Machine learning insights into molecular science using the Open Science Grid

Computation has extended what researchers can investigate in chemistry, biology, and material science. Studying complex systems like proteins or nanocomposites can use similar techniques for common challenges. For example, computational power is expanding the horizons of protein research and opening up vast new possibilities for drug discovery and disease treatment.

Olexandr Isayev is an assistant professor at the School of Pharmacy, University of North Carolina (UNC) at Chapel Hill. Isayev is part of a group at UNC using machine learning for chemical problems and material science.

“Specifically, we apply machine learning to chemical and material science data to understand the data, find patterns in it, and make predictive models,” says Isayev. “We focus on three areas: computer-aided design of novel materials, computational drug discovery, and acceleration of quantum mechanical methods with GPUs (graphic processing units) and machine learning.”

For studying drug discovery, where small organic molecule binds to a protein receptor, Isayev uses machine learning to build predictive models based on historical collection of experimental data. “We want to challenge models and find a new molecule with better binding properties,” says Isayev.

Example of a protein model that Isayev and his group study. Courtesy image.

Similar to the human genome project, five years ago President Obama created a new Materials Genome Initiative to accelerate the design of new materials. Using machine learning methods based on the crystal structure of the material he is studying, Isayev can predict its physical properties.

“Looking at a molecule or material based on geometry and topology, we can get the energy, and predict critical physical properties,” says Isayev. “This machine learning allows us to avoid many expensive uses of numeric simulation to understand the material.”

The challenge for Isayev’s group is that initial data accumulation is extremely numerically time consuming. So, they use the Open Science Grid (OSG) to run simulations. Based on the data, they train their machine learning model, so the next time, instead of a time-consuming simulation model, they can use the machine learning model on a desktop PC.

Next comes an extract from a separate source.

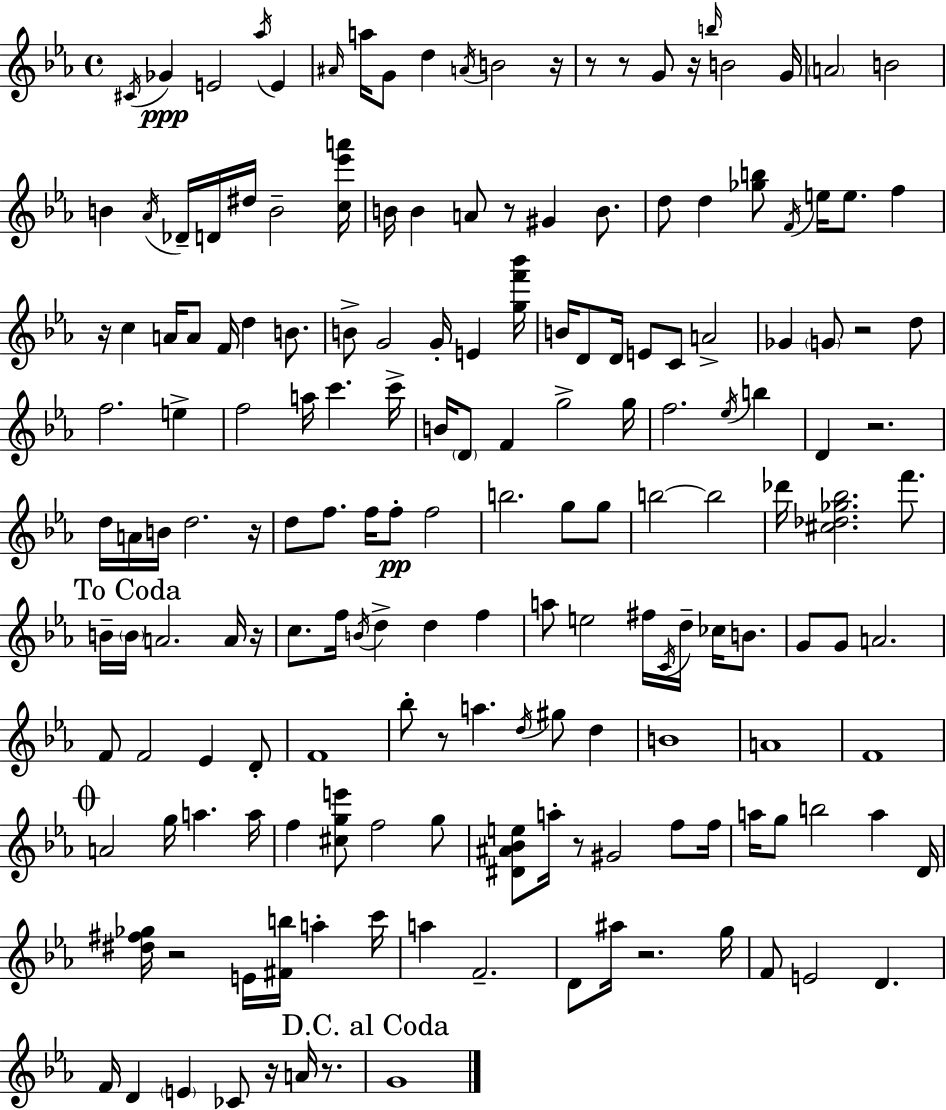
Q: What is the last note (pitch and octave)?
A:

“Using machine learning to do the preliminary screening saves a lot of computing time,” says Isayev. “Since we performed the hard work, scientists can save a lot of time by prioritizing a few promising candidate materials instead of running everything.”

For studying something like a photovoltaic semiconductor, Isayev selects a candidate after running about a thousand of quantum mechanical calculations. He then uses machine learning to screen 50,000 materials. “You can do this on a laptop,” says Isayev. “We prioritize a few—like ten to fifty. We can predict what to run next instead of running all of them. This saves a lot of computing time and gives us a powerful tool for screening and prioritization.”

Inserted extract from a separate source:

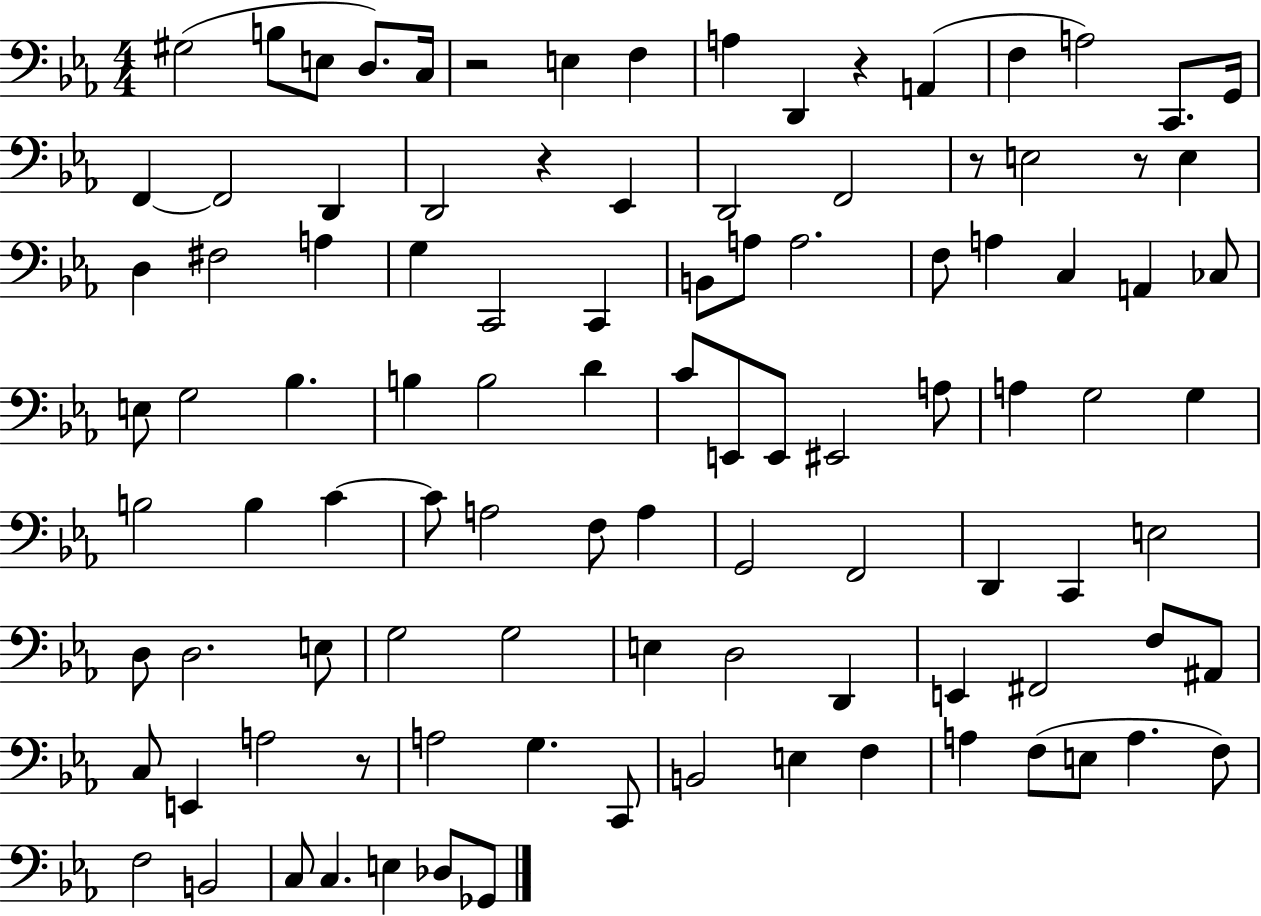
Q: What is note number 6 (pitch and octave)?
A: E3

On the OSG, they run “small density function (DFT) calculations. We are interested in molecular properties,” says Isayev. “We run a program package called ORCA (Quantum Chemistry Program), a free chemistry package. It implements lots of QM methods for molecules and crystals. We use it and then we have our own scripts, run them on the OSG, collect the data, and then analyze the data.”

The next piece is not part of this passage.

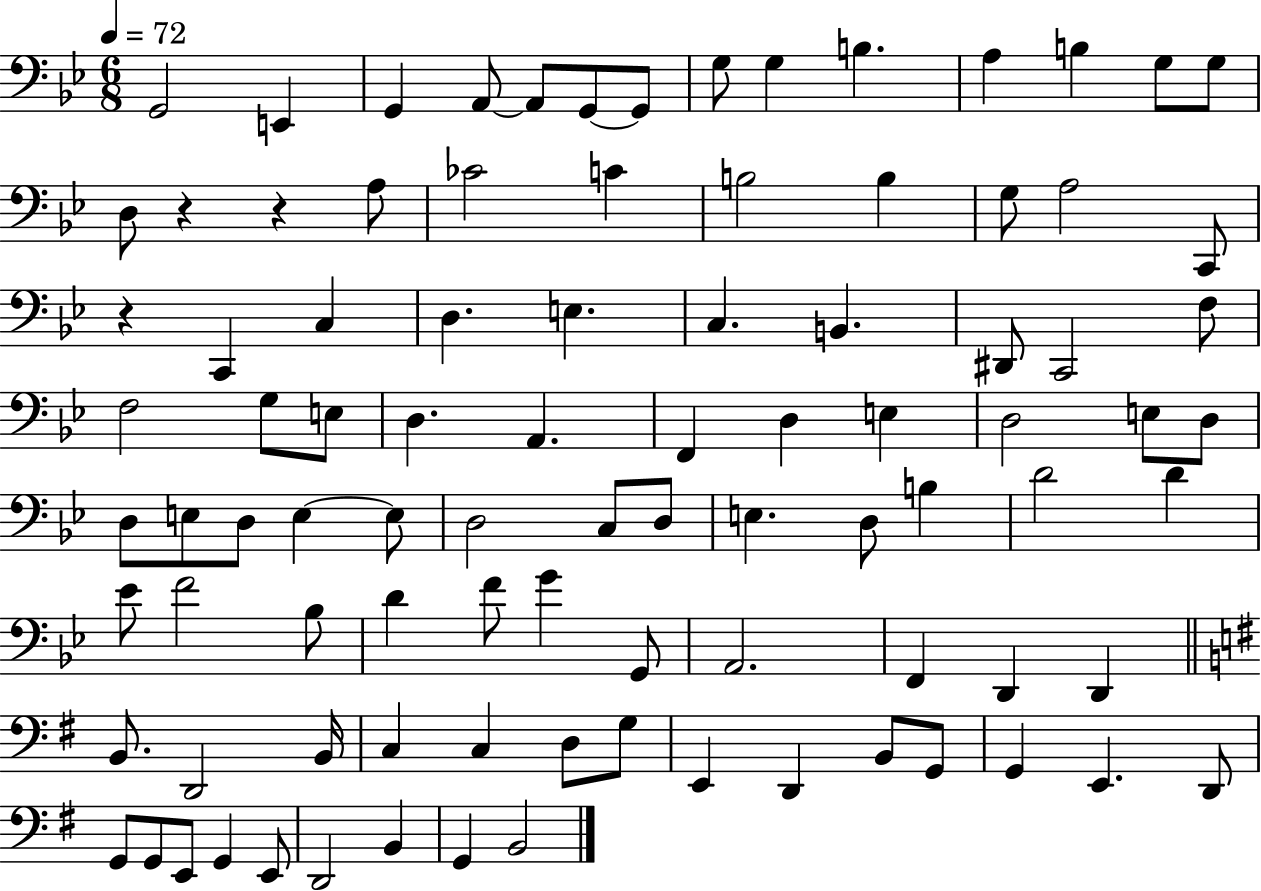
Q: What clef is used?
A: bass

“I am privileged to work with extremely talented people like Roman Zubatyuk,” says Isayev. Zubatyuk works with Isayev on many different projects. “Roman has developed our software ecosystem container using Docker. These simulations run locally on our machines through the Docker virtual environment and eliminate many issues. With a central database and set of scripts, we could seamlessly run hundreds of thousands of simulations without any problems.”

Finding new materials and molecules are hard science problems. “There is no one answer when looking for a new molecule,” says Isayev. “We cannot just use brute force. We have to be creative because it is like looking for a needle in a hay stack.”

For something like a solar cell device, researchers might find a drawback in the performance of the material. “We are looking to improve current materials, improve their performance, or make them cheaper, so we can move them to mass production so everyone benefits,” says Isayev.

“For us, the OSG is a fantastic resource for which we are very grateful,” says Isayev. “It gives us access to computation that enables our simulations that we could not do otherwise. To run all our simulations requires lots of computing resources that we cannot run on a local cluster. To do our simulation screening, we have to perform lots of calculations. We can easily distribute these calculations because they don’t need to communicate to each other. The OSG is a perfect fit.”